Road to electrification – Chinese automakers lead the way
According to Goldman Sachs, electric vehicles could make up as much as nearly half of global car sales by 2035. It is no secret to common folks that electric vehicles are expected to be a norm going forward. The global electric vehicle market is experiencing growth due to change in customer preference where customers are becoming more conscious of their ecological footprint and are opting for greener transportation options. Governments across the globe are offering subsidies, tax benefits, and other incentives to encourage consumers to switch to electric cars. Hence the rush to go green.
According to a statistic, more than one in three new car registrations in China was electric in 2023, over one in five in Europe, and one in ten in the United States. Even though the outlook seems optimistic, the road to electrification has its own hurdles to be overcome. Large investments are needed in all areas of the battery supply chain and companies able to make these investments as well as adjust their sales model are faring well in this race. According to a 2024 study, BYD a Chinese brand is the front runner in the EV sales race, followed closely by US-based Tesla and Wuling Motors, another Chinese brand, in third place. The race seems to be dominated by China with 4 Chinese OEMs featuring in the top 5 EV brands. Thanks to their low labour rates, healthy government subsidies and more favorable battery costs, allows the Chinese OEMs to offer lower prices than their European counterparts.
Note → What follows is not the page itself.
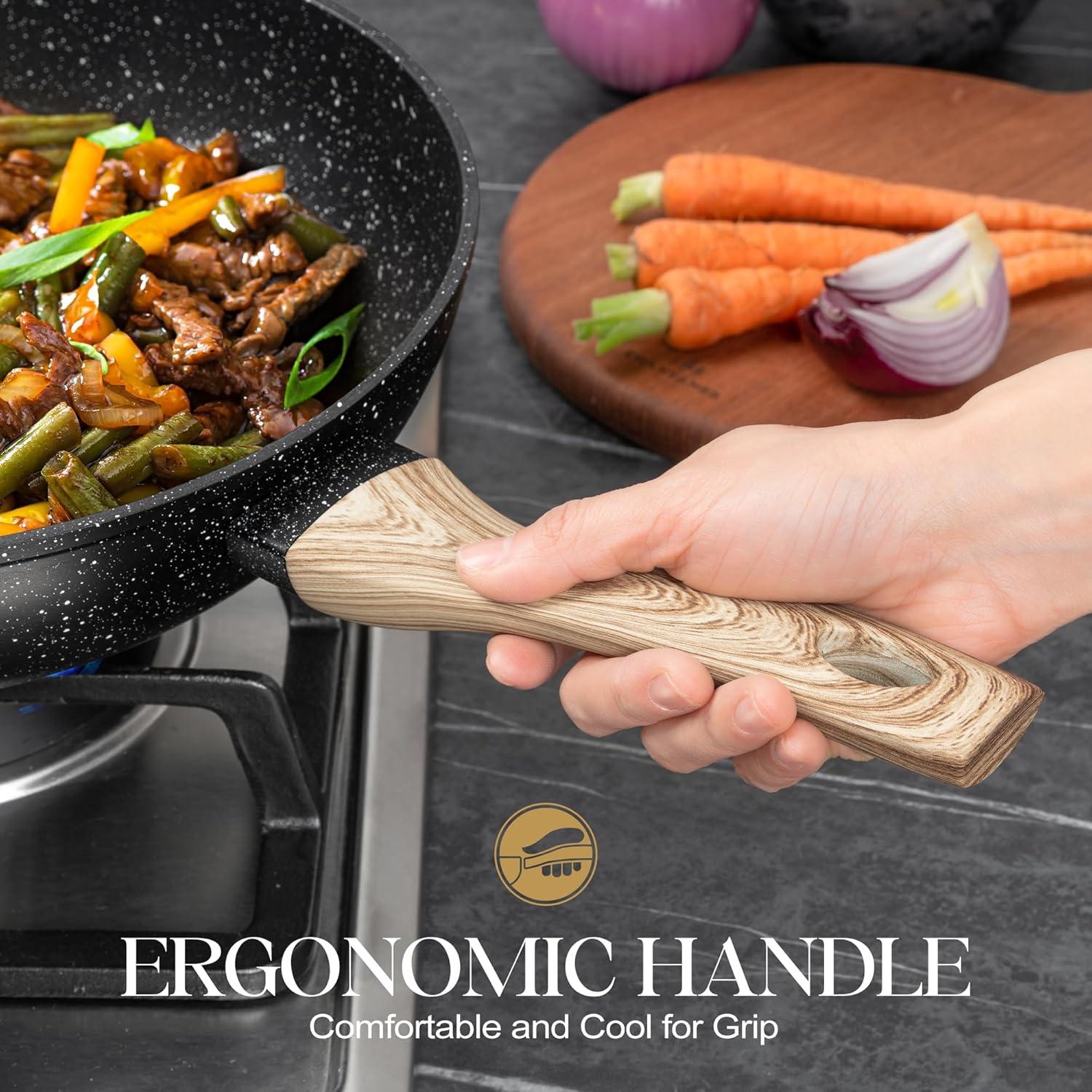 image:imageMICHELANGELO 12 Inch Wok Pan with Lid Woks amp StirFry Pans Nonstick Wok with Lid Stir Fry Pan with CoolTouch Handle Induction Wok Set with Stainless Steamer amp Fryer BasketBlack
Hence, traditional auto makers are also making strides towards electrification targets and announcing investments to claim a slice of the growing pie. In Dec 2024, the industry woke up to the news of two auto behemoths entering a $60 billion merger – Nissan and Honda, with the sole agenda to compete with Chinese automakers in the electric vehicle market. It presented an opportunity for both parties to be able to share development costs as well as harness each other’s strengths to create a robust portfolio of electric vehicles. But as of Feb 2025, the talks of integrations have hit the brakes with Honda pushing for aggressive cost cuts, even attempting to make Nissan a subsidiary, with some industry experts terming it as a ‘near-hostile strategy’.
It is a classic case of history repeats itself in the industry where companies’ priorities shift and diverge. For example, Ford and Volkswagen teamed up in 2020 to work on EV and autonomous driving however they shut down the collaboration soon. The same year, Honda partnered with GM to sell two models of electric cars but have decided not to expand their partnership beyond the said models.
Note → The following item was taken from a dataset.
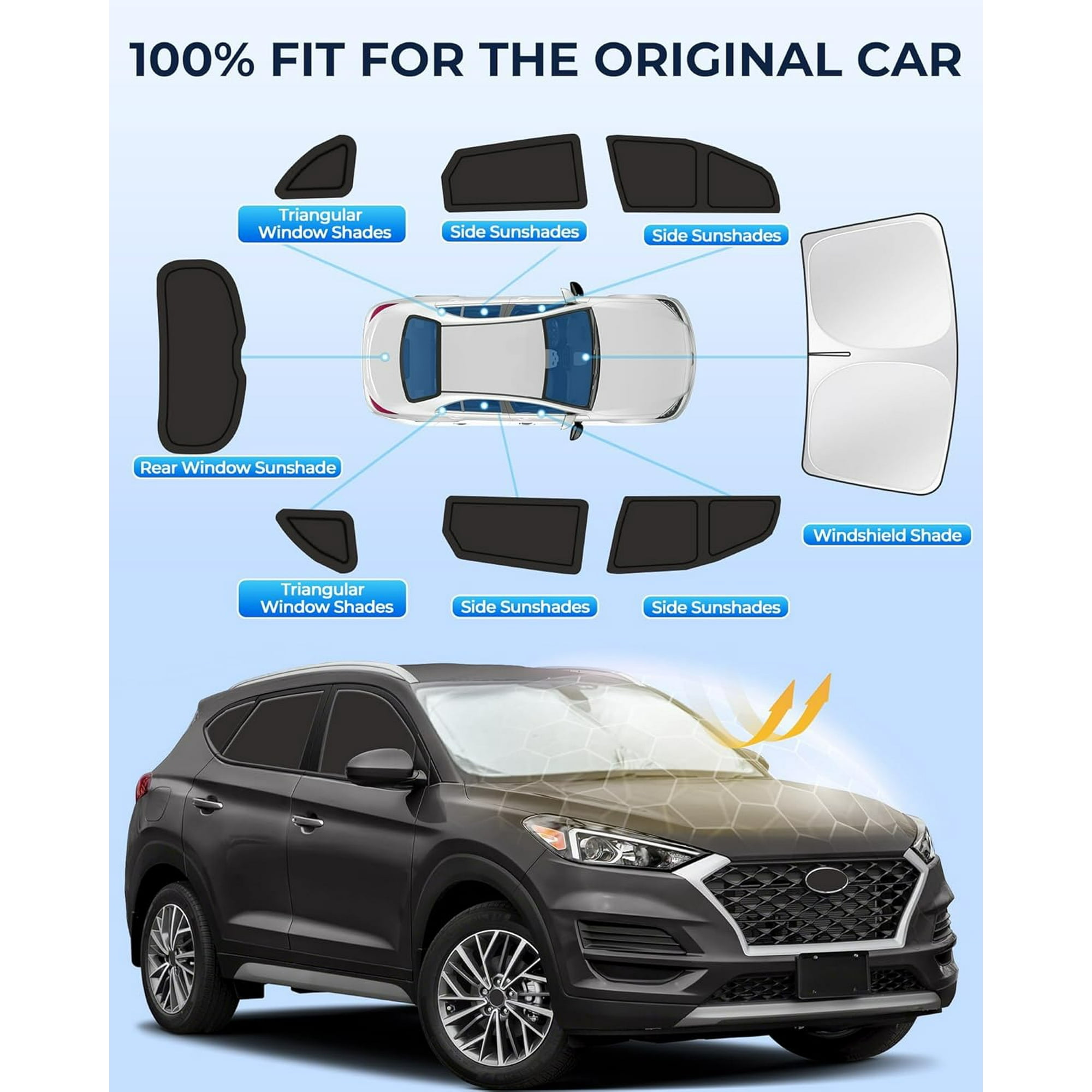 Car Window Shades, 8pcs Privacy Sun Shade Set - Hyundai Tucson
Meanwhile China is upping its ante in the game, with EV maker BYD adding advanced driver-assistance system for most of its models at no additional cost and further plans to integrate DeepSeek - AI chatbot in its models. Wuling motors is aggressively expanding its footprint in countries across Asia. For an industry observer, the stark difference in the electrified driving styles stands out between the Chinese and non-chinese players. Chinese are addressing customer issues that stand in their way of opting or transitioning to EVs, from battery range to vehicle cost and charging infrastructure to compelling features, while their global counter parts, barring Tesla, are yet to fully figure out a manageable and sustainable approach to EV production.